YOUR INSTRUCTIONS
Your answer should hold exactly the lines beginning with the one that contains "Green Gables Motel 9/29" and ending with the last line of the material, both included. Leave every picture out.

SOURCE DATA
"""

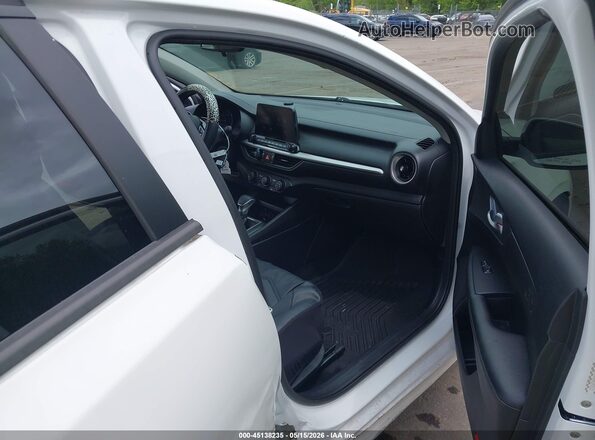 3KPF24AD5ME393522 2021 KIA FORTE White წინა სალონის ხედი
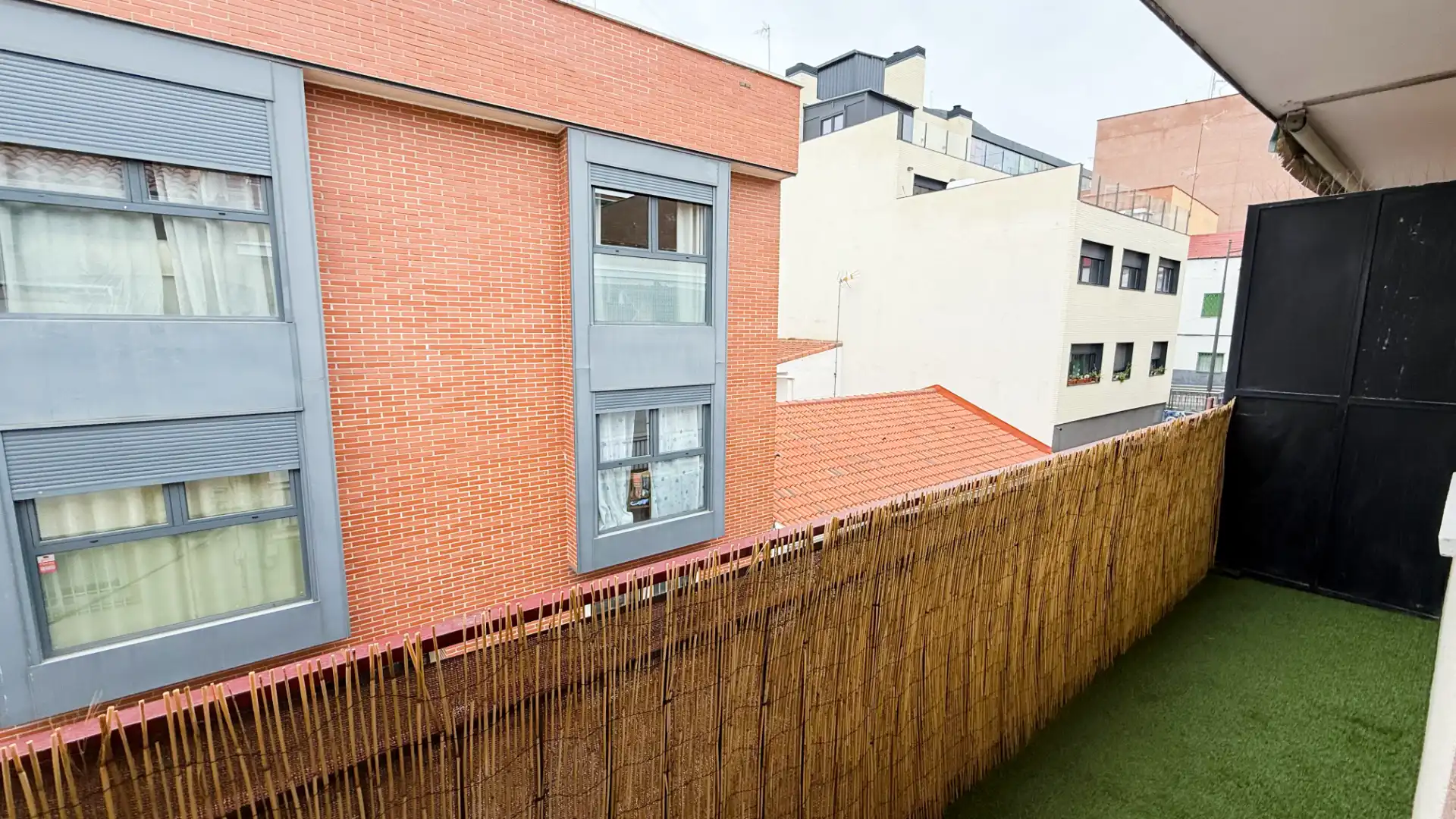 Vista exterior de Pis en venda en Alcobendas amb Calefacció, Terrassa i Moblat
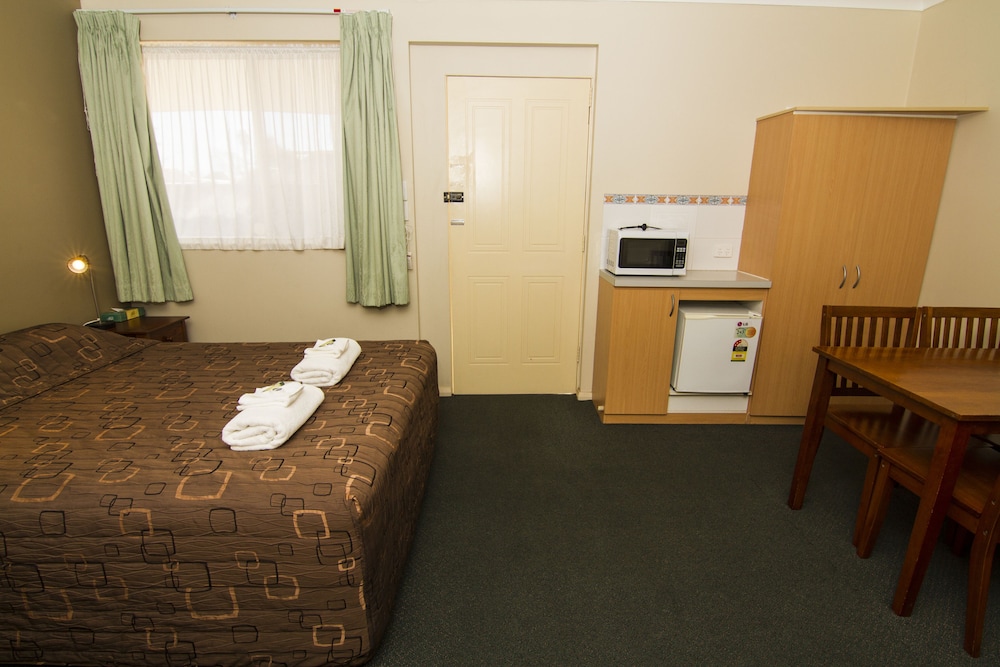 Green Gables Motel 9/29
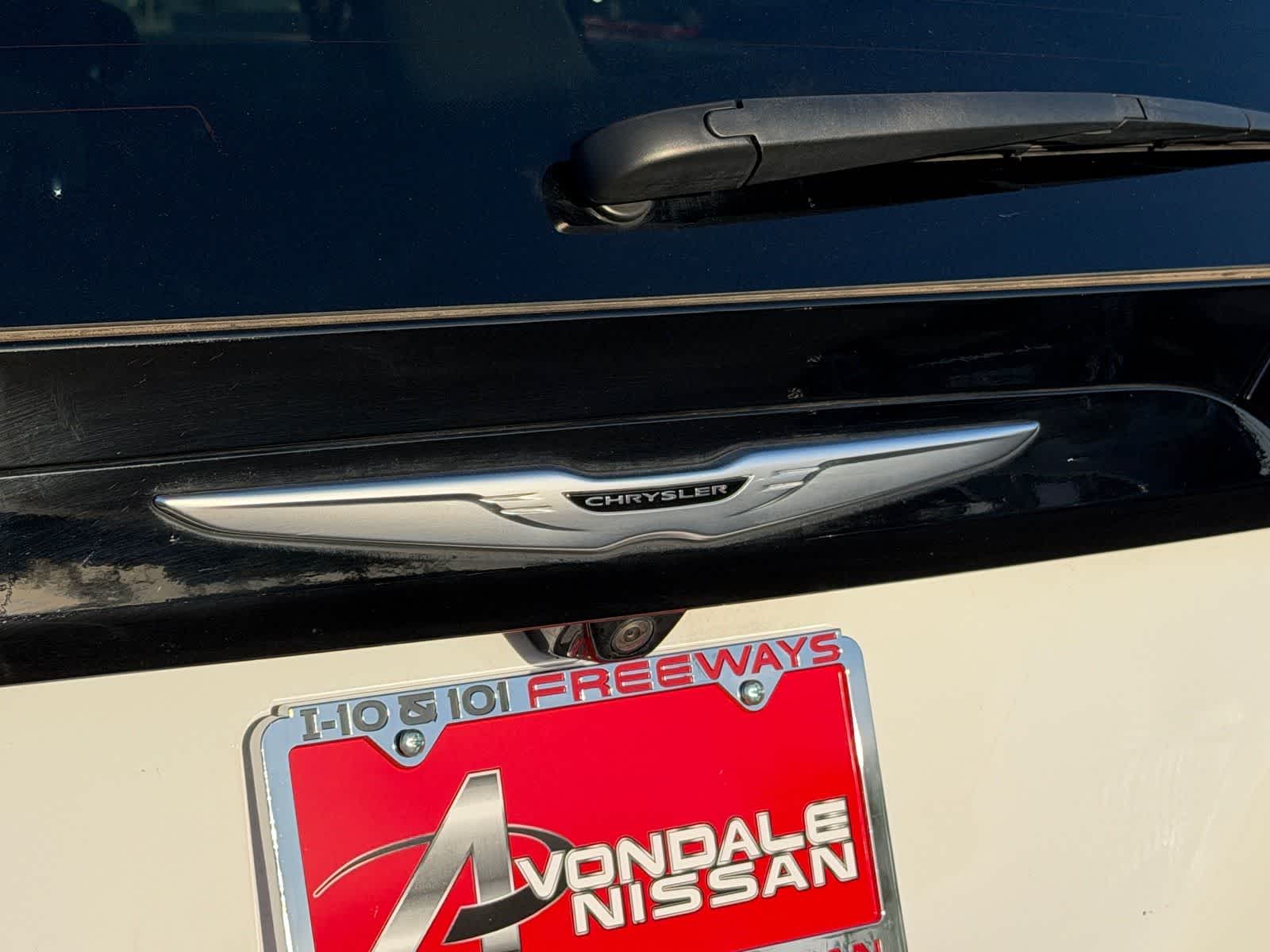 2024 Chrysler Voyager LX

"""

EXERCISE OUTPUT
 Green Gables Motel 9/29
 2024 Chrysler Voyager LX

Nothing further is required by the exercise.